To activate a sensitive data detection input rail, you have to configure the entities that you want to detect:

1rails:
2 config:
3 sensitive_data_detection:
4 input:
5 entities:
6 - PERSON
7 - EMAIL_ADDRESS
8 - ...

Example usage

1rails:
2 input:
3 flows:
4 - mask sensitive data on input
5 output:
6 flows:
7 - mask sensitive data on output
8 retrieval:
9 flows:
10 - mask sensitive data on retrieval

For more details, check out the Presidio Integration page.

Private AI PII Detection

The NeMo Guardrails library supports using Private AI API for PII detection and masking input, output and retrieval flows.

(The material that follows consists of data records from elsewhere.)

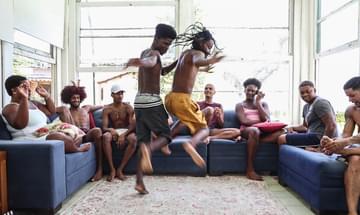A group of young people sit around on sofas as two young men dance in the middle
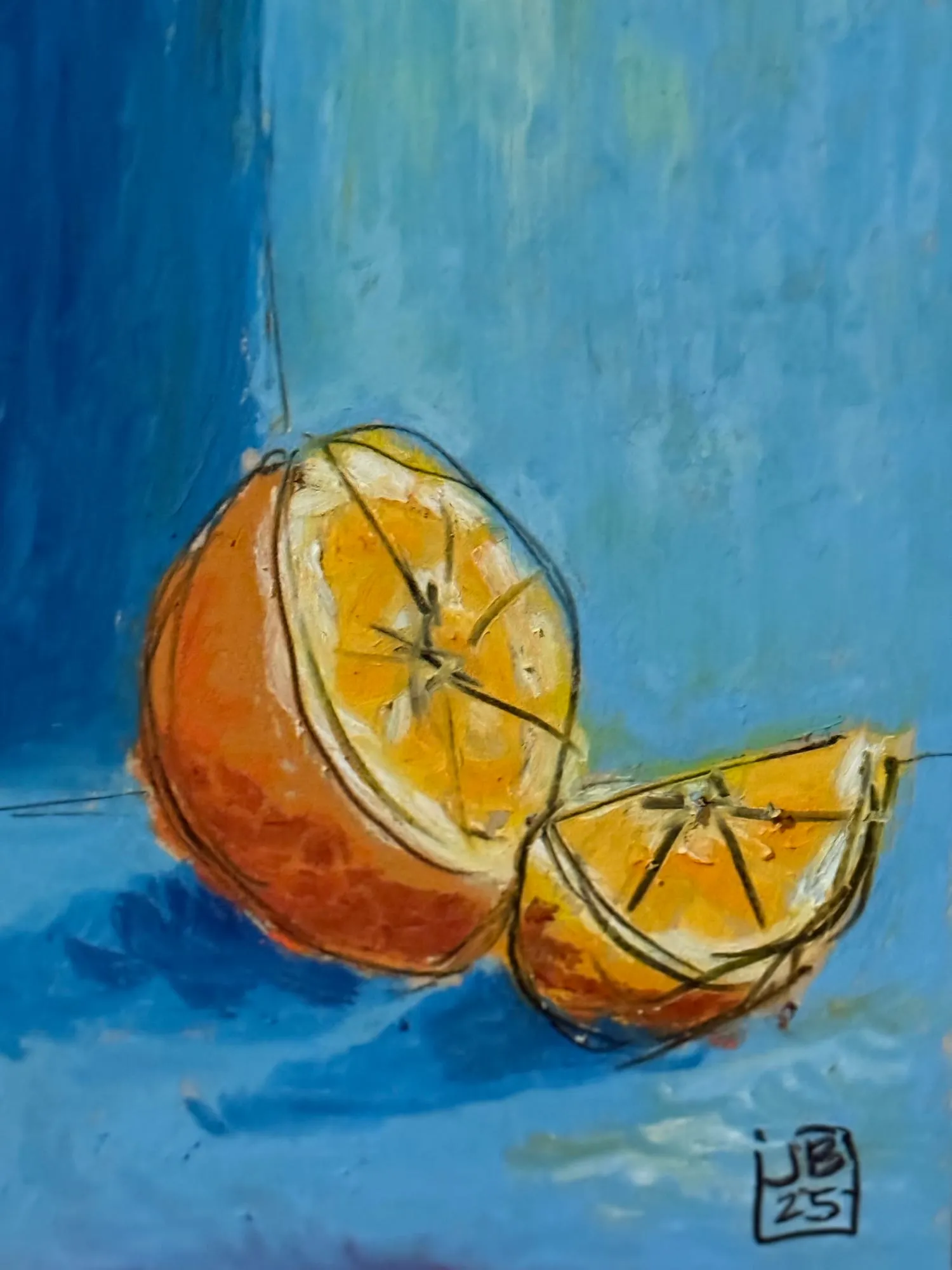 Media naranja y un cuarto sobre fondo azul, óleo pastel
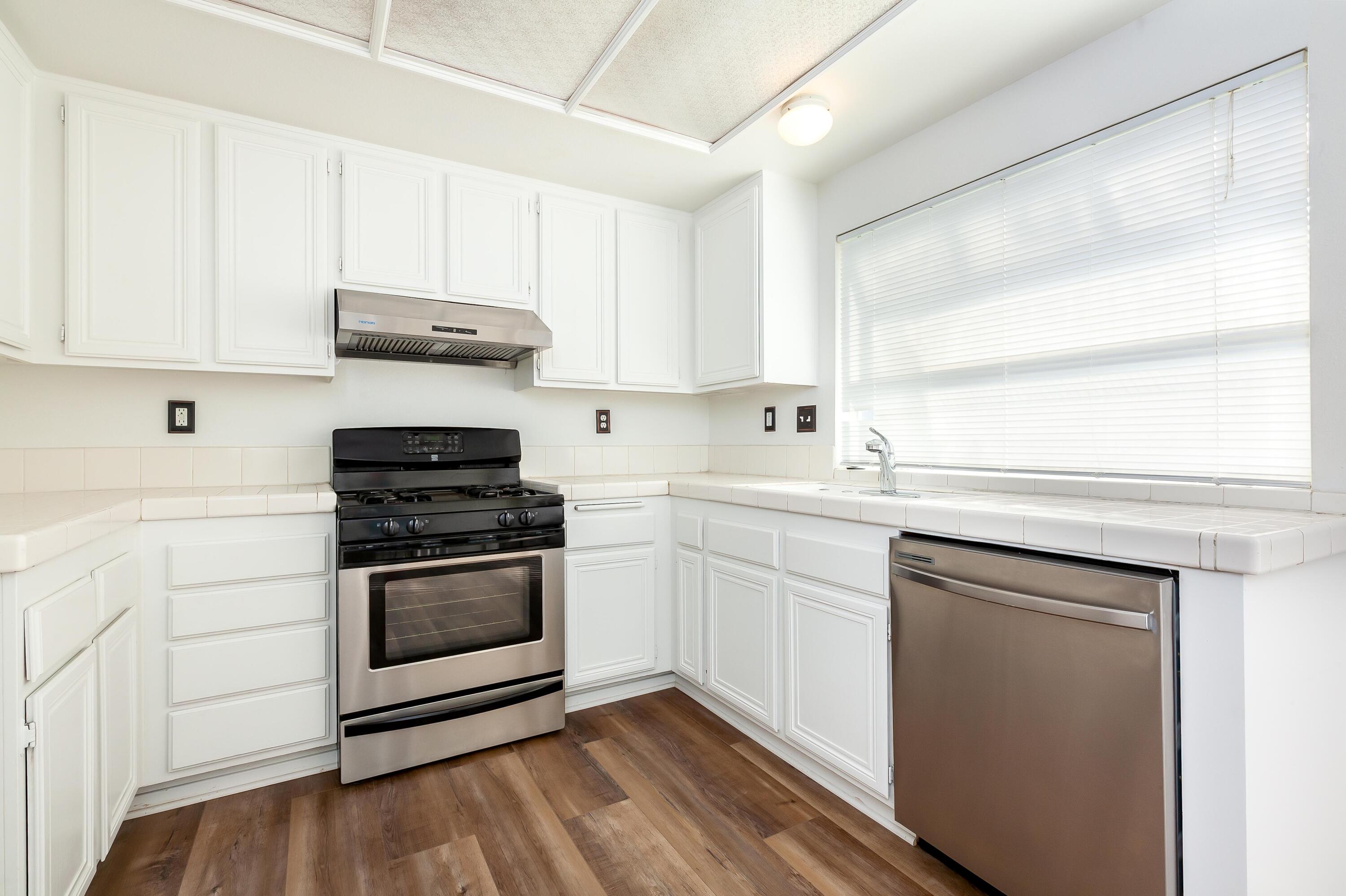 1628 Kings Road Palmdale, CA 93551 - Photo 8 of 22 a kitchen with stainless steel appliances granite countertop a sink and cabinets with wooden floor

To activate the PII detection or masking, you need specify server_endpoint, and the entities that you want to detect or mask. You’ll also need to set the PAI_API_KEY environment variable if you’re using the Private AI cloud API.

1rails:
2 config:
3 privateai:
4 server_endpoint: http://your-privateai-api-endpoint/process/text # Replace this with your Private AI process text endpoint
5 input:
6 entities: # If no entity is specified here, all supported entities will be detected by default.
7 - NAME_FAMILY
8 - EMAIL_ADDRESS
9 ...
10 output:
11 entities:
12 - NAME_FAMILY
13 - EMAIL_ADDRESS
14 ...

Example usage

PII detection

1rails:
2 input:
3 flows:
4 - detect pii on input
5 output:
6 flows:
7 - detect pii on output
8 retrieval:
9 flows:
10 - detect pii on retrieval

For more details, check out the Private AI Integration page.